Your assignment:
Return exactly the span that opens with the line containing "乔丹体育败诉商标为什么被保留,乔丹侵权事件最终结果" and closes with the final line of the records, both included.

Start of Extracted entries

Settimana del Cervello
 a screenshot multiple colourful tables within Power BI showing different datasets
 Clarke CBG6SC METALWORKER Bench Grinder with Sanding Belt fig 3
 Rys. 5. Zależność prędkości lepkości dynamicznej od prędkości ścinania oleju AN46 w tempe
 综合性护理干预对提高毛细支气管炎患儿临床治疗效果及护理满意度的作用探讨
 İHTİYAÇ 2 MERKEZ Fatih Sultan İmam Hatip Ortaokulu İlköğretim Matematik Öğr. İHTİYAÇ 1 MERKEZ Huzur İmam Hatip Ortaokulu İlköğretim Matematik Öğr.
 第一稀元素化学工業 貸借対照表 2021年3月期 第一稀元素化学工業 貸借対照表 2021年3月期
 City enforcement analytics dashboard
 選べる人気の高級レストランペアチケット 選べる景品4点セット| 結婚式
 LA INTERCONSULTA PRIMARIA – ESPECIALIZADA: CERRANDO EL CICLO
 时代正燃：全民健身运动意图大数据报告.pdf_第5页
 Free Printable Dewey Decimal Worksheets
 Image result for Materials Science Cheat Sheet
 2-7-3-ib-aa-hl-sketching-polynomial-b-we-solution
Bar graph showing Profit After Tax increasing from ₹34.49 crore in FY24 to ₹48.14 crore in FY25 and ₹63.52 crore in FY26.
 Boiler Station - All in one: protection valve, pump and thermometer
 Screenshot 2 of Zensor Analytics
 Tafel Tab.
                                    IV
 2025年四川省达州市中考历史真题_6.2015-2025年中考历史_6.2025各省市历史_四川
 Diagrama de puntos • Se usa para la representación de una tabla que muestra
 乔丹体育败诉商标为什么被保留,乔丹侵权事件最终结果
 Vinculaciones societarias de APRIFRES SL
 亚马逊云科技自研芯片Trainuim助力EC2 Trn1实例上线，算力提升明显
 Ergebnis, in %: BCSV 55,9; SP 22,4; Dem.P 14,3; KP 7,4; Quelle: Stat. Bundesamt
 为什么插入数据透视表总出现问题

End of Extracted entries

Answer for the task:
 乔丹体育败诉商标为什么被保留,乔丹侵权事件最终结果
 Vinculaciones societarias de APRIFRES SL
 亚马逊云科技自研芯片Trainuim助力EC2 Trn1实例上线，算力提升明显
 Ergebnis, in %: BCSV 55,9; SP 22,4; Dem.P 14,3; KP 7,4; Quelle: Stat. Bundesamt
 为什么插入数据透视表总出现问题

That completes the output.